What's existentialism?

It's a European philosophy advanced most famously by Frenchmen Jean Paul Sartre and Albert Camus, and it was at its height in Europe in the 1940s.  It has a few big central beliefs: 

1) that the inhumanity and absurdity of the godless modern world has to be combated by brave, non-conformist individuals; 

2) that “existence precedes essence” – that is, since you’re born with no God-given soul or human “essence,” it’s your job to create it for yourself as you go about the business of existing; 

3) you are the sum total of your decisions – though this is basically just another way of rephrasing the above (your essence, or your "sum total," results from your existence, or your going about making decisions for yourself); and 

4) though isolation from mainstream society may be painful, the brave, non-conformist individual who is the existentialist hero will preserve his or her separateness, and so his or her independence.
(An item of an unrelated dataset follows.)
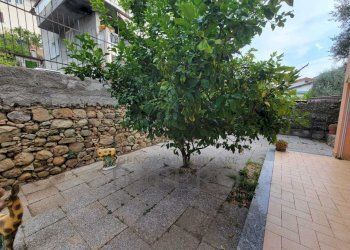 Immagine WhatsApp 2025-08-19 ore 09.39.54_5dc57444 - Villa Via Tremola 5, Ventimiglia - foto 6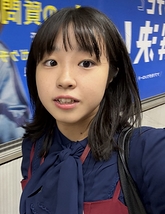 しなの詩菜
Despite the fact that existentialists are almost by definition atheists (it’s your job to forge an “essence” for yourself, they’d say, precisely because no almighty power is going to hand you one), their writings often take on an almost religious tone or sensibility.  Why?  Because existentialism is basically a secular religion, if that’s not too completely oxymoronic.  Existentialist thinkers may say you have to create your own essence, but they still believe in essences – thus the heroic characters in their stories who conduct searches for meaning, insight, and transcendence (or who go looking for their own essences, basically) are on a mission no less religious for being human-centered rather than God-centered. 

Existentialism got big with American writers after WW II (1940-45) for a couple key reasons.  The first is that fiction writers, like a lot of American intellectuals, had had it with big, state-level politics.  Before World War II, many intellectuals were good “lefties” who placed a lot of faith in communism and socialism as potential saviors of humanity.  During that war, though, it became clear that plenty was rotten in Russia, the place many intellectuals had looked to as a shining example of communism in practice.  Stalin, Russia’s leader, had not only made dirty deals with Hitler to keep him from invading Russia but was also, out of his own paranoia, imprisoning and murdering officials in his own government at an alarming rate.  His clear new status as a dictator made lots of American intellectuals lose faith in any type of national-level governmental politics and made them look to individuals as agents of change instead. 

Another reason American writers take to existentialism after WW II is that the “monoculture” is gaining ground in the newly suburbanized United States.  Everyone’s living in the same pre-fab houses, watching the same TV shows, driving the same cars, working the same types of paper-pushing office jobs....  Some bold existentialist individualism is clearly in order.